#### RECORDS FOR THE EXERCISE
-- Opening Marker --
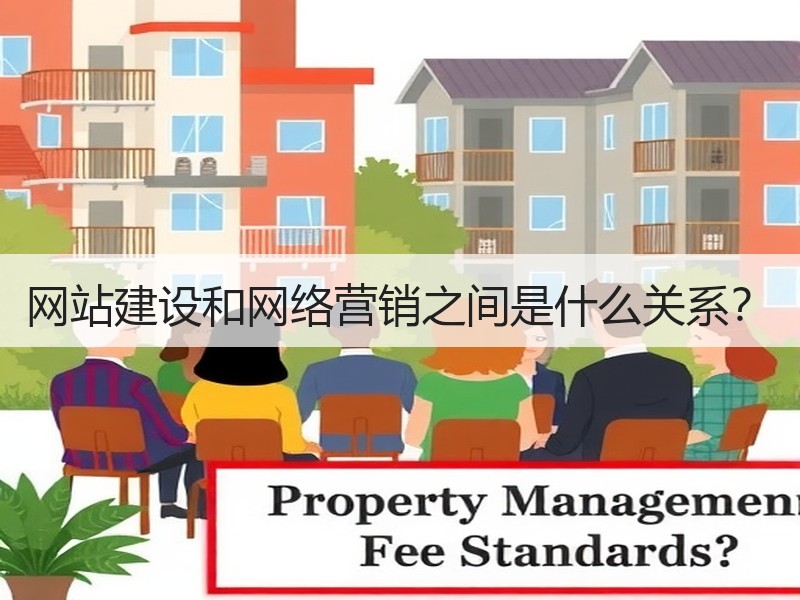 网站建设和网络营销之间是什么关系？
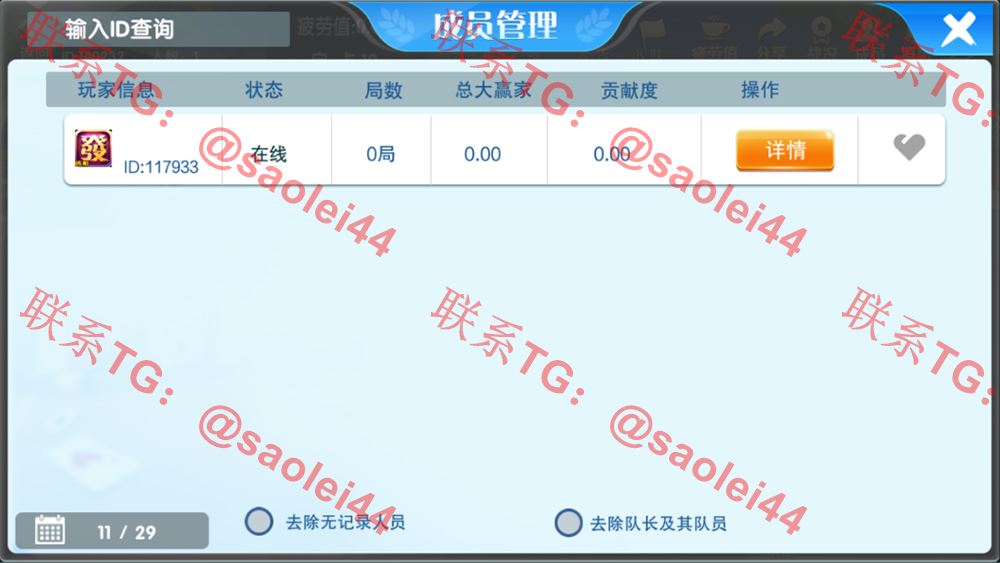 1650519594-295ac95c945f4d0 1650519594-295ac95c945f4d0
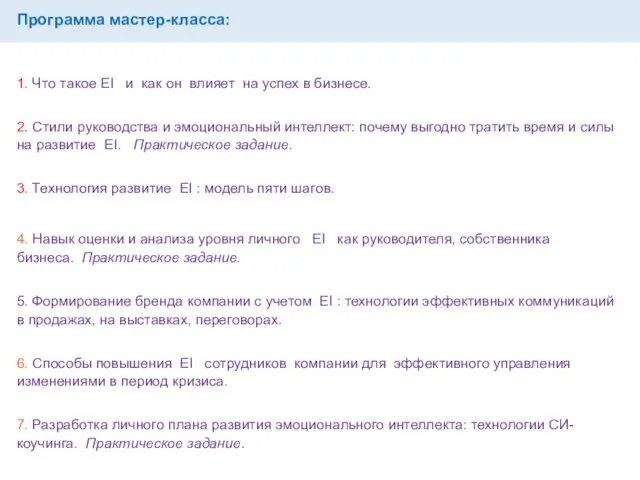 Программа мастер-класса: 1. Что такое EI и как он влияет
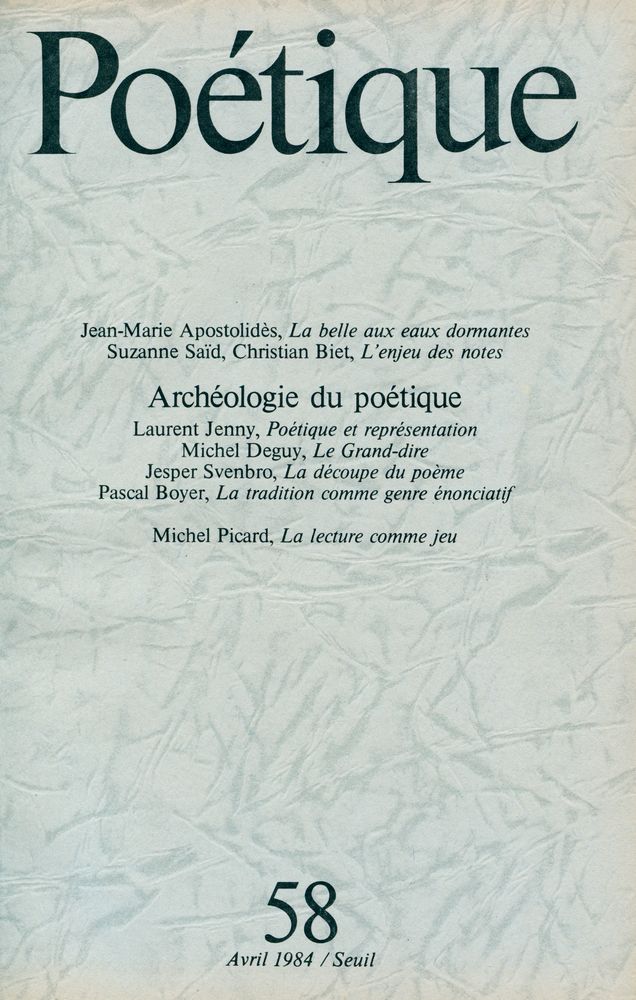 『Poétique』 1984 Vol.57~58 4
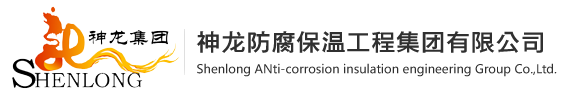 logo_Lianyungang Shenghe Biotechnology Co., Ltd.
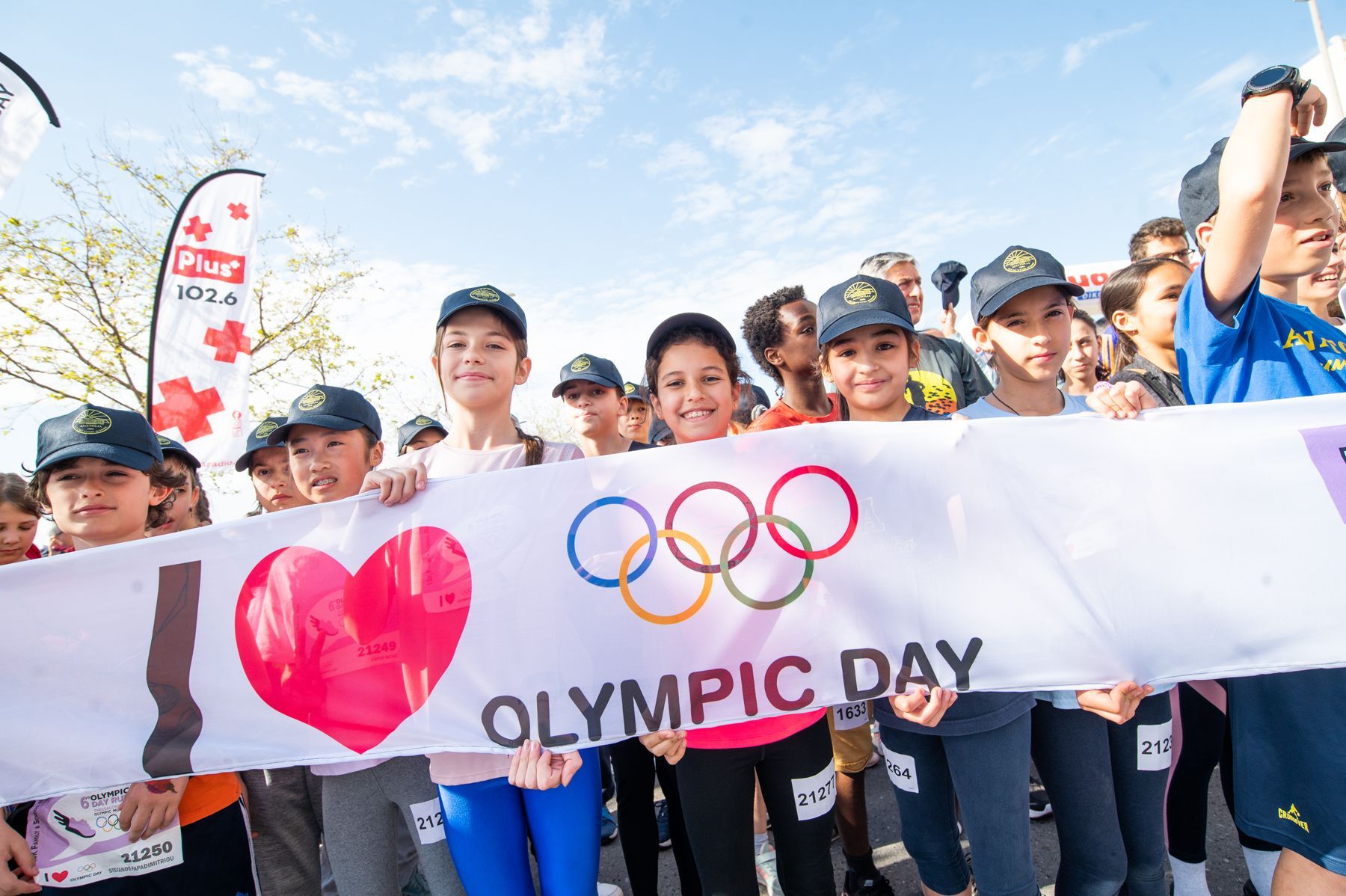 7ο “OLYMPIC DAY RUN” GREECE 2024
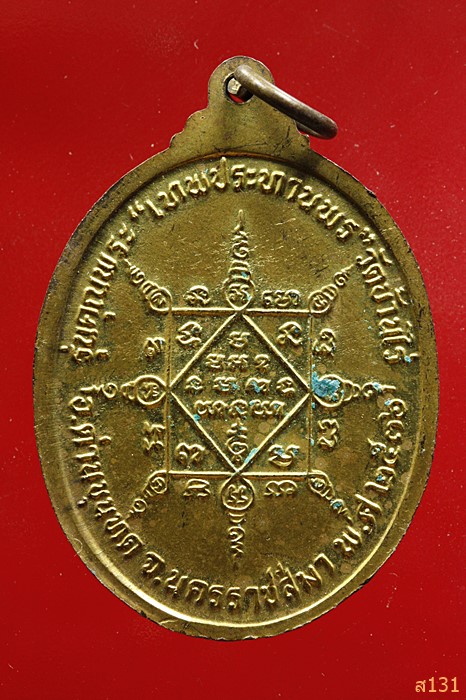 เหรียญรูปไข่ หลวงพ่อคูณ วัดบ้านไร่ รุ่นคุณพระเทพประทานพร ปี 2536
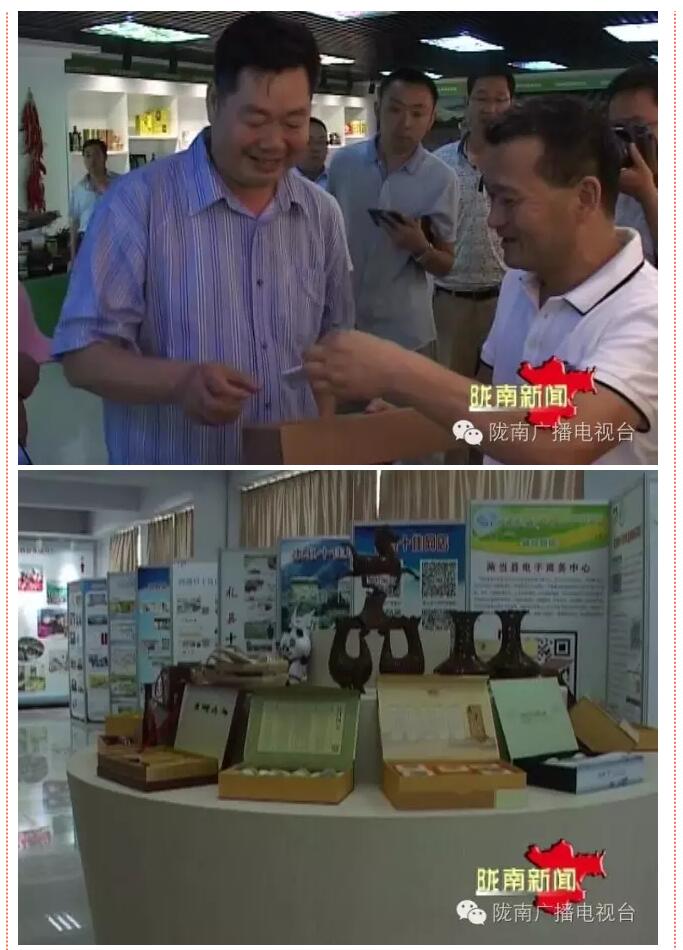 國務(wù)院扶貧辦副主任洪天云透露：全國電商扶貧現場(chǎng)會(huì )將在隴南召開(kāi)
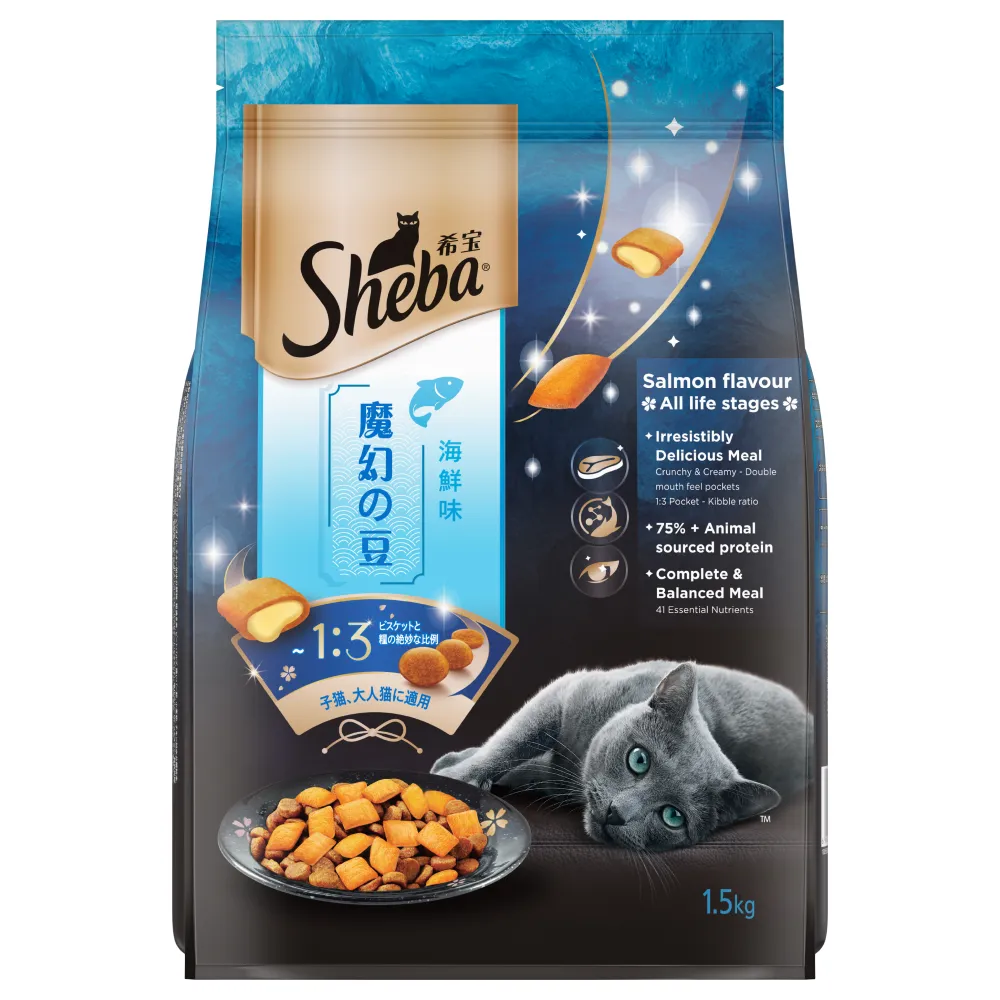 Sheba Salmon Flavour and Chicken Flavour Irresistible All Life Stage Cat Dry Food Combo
-- Closing Marker --
#### TRY IT
When a record holds a picture, leave that picture out; copy the rest verbatim.

#### TASK OUTPUT
 网站建设和网络营销之间是什么关系？
 1650519594-295ac95c945f4d0 1650519594-295ac95c945f4d0
 Программа мастер-класса: 1. Что такое EI и как он влияет
 『Poétique』 1984 Vol.57~58 4
 logo_Lianyungang Shenghe Biotechnology Co., Ltd.
 7ο “OLYMPIC DAY RUN” GREECE 2024
 เหรียญรูปไข่ หลวงพ่อคูณ วัดบ้านไร่ รุ่นคุณพระเทพประทานพร ปี 2536
 國務(wù)院扶貧辦副主任洪天云透露：全國電商扶貧現場(chǎng)會(huì )將在隴南召開(kāi)
 Sheba Salmon Flavour and Chicken Flavour Irresistible All Life Stage Cat Dry Food Combo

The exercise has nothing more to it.